Mais um pouco chegou o Raimundo com uma jarra de farofa, arrumou mais uma mesa e logo nela instalou outro panelão cheio de Limpa-Pedras, peixe parecido com o Náutilus, aquele submarino de Julio Verne. Não bastasse, mais um panelão com galinha caipira cozida, suculenta com muito molho, do jeito que o diabo gosta - cheia de gordura...

Fomos ao banho..., o rio majestoso e calmo, domado pela represa mais acima, que roubou suas águas, abaixou seu volume, mostrou suas entranhas antes submersas, agora como se ilhas vulcânicas, nascidas das ígneas profundezas, arrebatando belezas em contraste.

Os Zuandeiros fora d'água, dentro d'água, como se peixes pedalando...

Não tínhamos tempo e logo nos arrumamos, afinal aquela ribanceira que havíamos descido, agora necessitava ser galgada, e partimos... O céu escurecia com nuvens cinzentas...

Vovô Djalma, agora bonitão com óculos escuros, comentou comigo que aquilo não se fazia nem com inimigo. Olhei para ele e concordei, olhando para cima, verificando que não tínhamos chegado nem na metade... Para piorar, aquela chuva prometida enfim caiu, por um bom longo tempo, a pingos generosos e afoitos. Até o carro de apoio, ligada a tração nas 4 rodas, deslizava para subir naquela argila cheia de graxa, preguenta e lisa...
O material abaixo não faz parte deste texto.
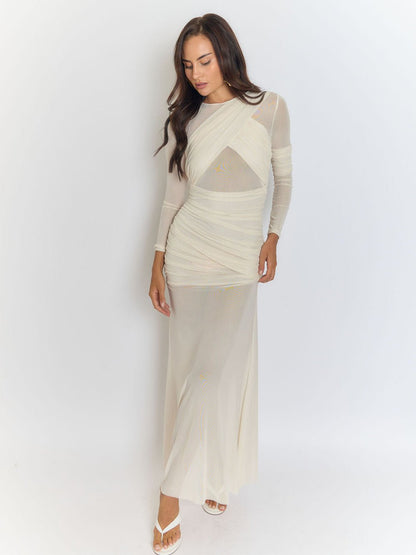 Beige Mesh Crew Neck Crossover Wrap Ruched Long Sleeve Sheer Column Maxi Dress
Em pouco tempo nos chovia de ambos os lados, de baixo levantando a lama, de cima a nos tentar lavar a lama; só nos restava pedalar, enquanto aquelas duas águas não se entendiam...

A hora já estava avançada e uma nova abordagem foi adotada; abreviou-se a trilha e fomos em busca do Caldas numa outra direção, num assentamento onde hoje se tenta implantar desde 2004, denominado Jacaré-Curituba, irrigação com as águas de Xingó. Um a um fomos chegando até onde estava o ônibus do Caldas, distante apenas 800 metros da rodovia, trecho em que ele conseguia trafegar.

Enquanto a vida passa sem muitas novidades, de repente, do meio de uma tarde chuvosa e de muita lama, o pequeno povoado viu surgirem ciclistas lá de baixo, subindo, deslizando, arfando mas pedalando, a se juntarem ao redor de um reboque não menos estranho. A trilha terminara; agora começava outra trilha, a de entrarmos no ônibus do Caldas, completamente limpos e asseados...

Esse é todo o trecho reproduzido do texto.